Data shown -
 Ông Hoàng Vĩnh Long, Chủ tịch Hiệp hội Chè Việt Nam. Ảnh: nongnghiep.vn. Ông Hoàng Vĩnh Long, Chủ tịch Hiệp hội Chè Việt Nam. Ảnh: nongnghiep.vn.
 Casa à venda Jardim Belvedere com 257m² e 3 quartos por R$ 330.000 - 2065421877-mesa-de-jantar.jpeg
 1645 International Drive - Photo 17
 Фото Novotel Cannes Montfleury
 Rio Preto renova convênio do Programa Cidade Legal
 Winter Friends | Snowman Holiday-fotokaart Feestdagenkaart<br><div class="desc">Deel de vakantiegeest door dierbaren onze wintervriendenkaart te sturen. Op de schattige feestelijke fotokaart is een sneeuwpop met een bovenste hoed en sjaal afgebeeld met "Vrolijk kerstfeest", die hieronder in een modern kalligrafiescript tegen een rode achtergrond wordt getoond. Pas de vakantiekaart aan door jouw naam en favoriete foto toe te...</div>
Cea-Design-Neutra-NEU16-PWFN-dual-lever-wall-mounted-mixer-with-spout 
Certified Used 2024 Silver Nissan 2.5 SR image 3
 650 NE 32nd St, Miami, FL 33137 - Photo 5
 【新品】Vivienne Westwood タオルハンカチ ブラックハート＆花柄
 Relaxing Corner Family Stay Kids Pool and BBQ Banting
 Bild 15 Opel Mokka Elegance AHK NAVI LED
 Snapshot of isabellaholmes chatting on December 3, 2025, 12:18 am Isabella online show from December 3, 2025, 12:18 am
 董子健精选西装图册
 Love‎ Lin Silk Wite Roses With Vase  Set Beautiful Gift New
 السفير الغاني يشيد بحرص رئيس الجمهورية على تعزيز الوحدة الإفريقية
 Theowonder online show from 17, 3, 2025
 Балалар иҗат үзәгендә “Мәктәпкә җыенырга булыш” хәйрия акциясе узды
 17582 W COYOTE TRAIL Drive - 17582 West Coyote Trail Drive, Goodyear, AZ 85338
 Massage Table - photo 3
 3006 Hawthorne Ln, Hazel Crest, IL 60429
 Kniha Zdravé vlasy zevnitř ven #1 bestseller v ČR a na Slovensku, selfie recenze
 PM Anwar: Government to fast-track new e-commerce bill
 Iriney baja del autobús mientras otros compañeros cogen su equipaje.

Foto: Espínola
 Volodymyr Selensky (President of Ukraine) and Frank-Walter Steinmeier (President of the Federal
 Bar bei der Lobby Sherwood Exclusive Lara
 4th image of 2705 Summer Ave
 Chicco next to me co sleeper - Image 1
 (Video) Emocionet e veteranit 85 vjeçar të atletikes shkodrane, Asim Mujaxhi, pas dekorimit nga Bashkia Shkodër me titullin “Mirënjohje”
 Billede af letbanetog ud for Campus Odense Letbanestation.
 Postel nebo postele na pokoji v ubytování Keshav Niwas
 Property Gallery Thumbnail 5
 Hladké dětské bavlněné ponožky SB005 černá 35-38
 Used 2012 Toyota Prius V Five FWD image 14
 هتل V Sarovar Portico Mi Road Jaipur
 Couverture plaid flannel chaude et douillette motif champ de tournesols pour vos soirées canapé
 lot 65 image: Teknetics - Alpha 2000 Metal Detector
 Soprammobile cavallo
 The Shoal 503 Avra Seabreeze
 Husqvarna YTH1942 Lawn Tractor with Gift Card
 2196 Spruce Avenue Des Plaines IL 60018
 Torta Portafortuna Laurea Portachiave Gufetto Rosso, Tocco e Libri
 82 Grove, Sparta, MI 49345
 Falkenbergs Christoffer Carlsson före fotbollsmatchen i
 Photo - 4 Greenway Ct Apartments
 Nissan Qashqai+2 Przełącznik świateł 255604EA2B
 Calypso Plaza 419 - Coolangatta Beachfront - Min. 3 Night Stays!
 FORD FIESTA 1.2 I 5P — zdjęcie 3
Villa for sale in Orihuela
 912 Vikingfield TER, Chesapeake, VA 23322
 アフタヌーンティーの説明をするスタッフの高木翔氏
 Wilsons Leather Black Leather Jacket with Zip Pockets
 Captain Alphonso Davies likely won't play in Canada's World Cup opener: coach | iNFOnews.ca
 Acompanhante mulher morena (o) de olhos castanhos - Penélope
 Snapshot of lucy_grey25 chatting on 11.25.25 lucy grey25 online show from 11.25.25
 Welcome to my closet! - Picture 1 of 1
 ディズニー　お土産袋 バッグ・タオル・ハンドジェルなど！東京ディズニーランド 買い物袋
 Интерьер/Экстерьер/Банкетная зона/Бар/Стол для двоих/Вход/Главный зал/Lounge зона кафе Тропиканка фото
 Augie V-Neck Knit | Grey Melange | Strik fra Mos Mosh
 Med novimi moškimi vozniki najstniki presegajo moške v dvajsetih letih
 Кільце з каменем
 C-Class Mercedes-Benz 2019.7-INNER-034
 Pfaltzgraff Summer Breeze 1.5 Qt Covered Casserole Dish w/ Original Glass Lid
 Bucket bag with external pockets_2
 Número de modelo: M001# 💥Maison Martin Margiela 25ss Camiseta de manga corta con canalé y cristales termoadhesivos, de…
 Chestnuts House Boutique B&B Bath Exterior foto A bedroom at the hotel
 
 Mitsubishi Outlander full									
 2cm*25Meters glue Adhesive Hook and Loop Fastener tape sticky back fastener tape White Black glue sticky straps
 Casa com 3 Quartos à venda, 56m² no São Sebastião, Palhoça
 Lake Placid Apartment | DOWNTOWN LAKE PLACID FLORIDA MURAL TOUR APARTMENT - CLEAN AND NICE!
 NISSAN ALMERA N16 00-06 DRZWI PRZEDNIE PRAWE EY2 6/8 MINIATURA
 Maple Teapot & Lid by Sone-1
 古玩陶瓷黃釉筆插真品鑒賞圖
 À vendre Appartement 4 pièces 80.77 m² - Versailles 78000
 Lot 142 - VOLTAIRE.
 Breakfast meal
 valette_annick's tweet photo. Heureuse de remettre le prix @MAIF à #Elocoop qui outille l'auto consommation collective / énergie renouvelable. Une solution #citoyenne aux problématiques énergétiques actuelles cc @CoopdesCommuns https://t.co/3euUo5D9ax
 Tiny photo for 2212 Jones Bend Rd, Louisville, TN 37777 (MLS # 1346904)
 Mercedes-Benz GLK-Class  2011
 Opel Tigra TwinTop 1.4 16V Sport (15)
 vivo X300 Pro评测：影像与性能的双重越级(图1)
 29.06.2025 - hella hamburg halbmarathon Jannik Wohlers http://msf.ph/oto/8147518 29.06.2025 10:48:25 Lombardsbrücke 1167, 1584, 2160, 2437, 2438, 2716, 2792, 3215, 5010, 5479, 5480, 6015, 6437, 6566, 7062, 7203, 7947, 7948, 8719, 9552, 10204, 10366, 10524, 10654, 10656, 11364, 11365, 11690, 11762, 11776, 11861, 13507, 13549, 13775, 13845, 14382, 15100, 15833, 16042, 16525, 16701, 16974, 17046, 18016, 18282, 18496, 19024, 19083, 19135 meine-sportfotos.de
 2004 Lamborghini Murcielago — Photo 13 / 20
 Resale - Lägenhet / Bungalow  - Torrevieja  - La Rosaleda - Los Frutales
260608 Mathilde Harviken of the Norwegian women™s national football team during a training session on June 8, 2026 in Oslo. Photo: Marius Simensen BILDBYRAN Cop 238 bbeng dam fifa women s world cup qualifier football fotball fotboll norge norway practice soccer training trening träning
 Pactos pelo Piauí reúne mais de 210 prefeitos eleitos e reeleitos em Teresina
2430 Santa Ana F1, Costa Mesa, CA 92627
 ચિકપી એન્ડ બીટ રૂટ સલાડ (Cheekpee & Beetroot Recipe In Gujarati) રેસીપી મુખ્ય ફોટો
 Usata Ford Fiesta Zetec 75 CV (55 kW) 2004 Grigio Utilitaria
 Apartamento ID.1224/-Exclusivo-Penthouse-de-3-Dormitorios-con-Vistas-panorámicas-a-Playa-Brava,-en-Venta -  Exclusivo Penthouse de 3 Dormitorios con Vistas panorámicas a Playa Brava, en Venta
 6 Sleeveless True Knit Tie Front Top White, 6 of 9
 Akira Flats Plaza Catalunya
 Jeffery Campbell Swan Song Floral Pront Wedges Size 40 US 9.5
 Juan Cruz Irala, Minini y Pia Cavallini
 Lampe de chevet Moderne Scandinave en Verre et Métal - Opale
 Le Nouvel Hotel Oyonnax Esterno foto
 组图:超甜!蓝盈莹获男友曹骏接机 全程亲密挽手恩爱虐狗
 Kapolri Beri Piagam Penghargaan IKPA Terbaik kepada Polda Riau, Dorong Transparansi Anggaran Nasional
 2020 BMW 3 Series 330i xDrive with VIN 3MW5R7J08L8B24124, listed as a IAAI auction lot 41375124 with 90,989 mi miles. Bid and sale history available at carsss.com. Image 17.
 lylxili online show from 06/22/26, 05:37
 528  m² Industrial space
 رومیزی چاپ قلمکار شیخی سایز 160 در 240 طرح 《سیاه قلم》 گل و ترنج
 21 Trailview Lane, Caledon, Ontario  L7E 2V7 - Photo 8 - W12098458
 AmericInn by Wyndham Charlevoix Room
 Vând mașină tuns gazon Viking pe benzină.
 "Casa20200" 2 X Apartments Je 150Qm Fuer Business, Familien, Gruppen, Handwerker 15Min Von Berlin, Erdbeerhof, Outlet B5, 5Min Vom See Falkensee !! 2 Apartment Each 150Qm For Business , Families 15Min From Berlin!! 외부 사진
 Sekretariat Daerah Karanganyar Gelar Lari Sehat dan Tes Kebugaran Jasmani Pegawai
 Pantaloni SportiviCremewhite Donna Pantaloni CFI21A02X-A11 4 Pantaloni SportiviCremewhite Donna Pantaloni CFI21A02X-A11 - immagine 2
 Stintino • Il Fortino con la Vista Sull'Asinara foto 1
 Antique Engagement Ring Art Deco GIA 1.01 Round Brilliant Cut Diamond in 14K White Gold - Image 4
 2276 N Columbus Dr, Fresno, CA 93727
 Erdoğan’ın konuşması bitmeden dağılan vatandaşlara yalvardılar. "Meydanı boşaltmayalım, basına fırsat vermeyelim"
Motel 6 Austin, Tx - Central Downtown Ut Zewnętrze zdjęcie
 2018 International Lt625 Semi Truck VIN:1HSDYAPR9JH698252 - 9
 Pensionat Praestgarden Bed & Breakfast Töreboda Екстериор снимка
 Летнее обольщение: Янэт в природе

Task goal - Repeat, character for character, the lines of the material above from the line with "Bar bei der Lobby Sherwood Exclusive Lara" through the line with "lot 65 image: Teknetics".

Exercise answer -
 Bar bei der Lobby Sherwood Exclusive Lara
 4th image of 2705 Summer Ave
 Chicco next to me co sleeper - Image 1
 (Video) Emocionet e veteranit 85 vjeçar të atletikes shkodrane, Asim Mujaxhi, pas dekorimit nga Bashkia Shkodër me titullin “Mirënjohje”
 Billede af letbanetog ud for Campus Odense Letbanestation.
 Postel nebo postele na pokoji v ubytování Keshav Niwas
 Property Gallery Thumbnail 5
 Hladké dětské bavlněné ponožky SB005 černá 35-38
 Used 2012 Toyota Prius V Five FWD image 14
 هتل V Sarovar Portico Mi Road Jaipur
 Couverture plaid flannel chaude et douillette motif champ de tournesols pour vos soirées canapé
 lot 65 image: Teknetics - Alpha 2000 Metal Detector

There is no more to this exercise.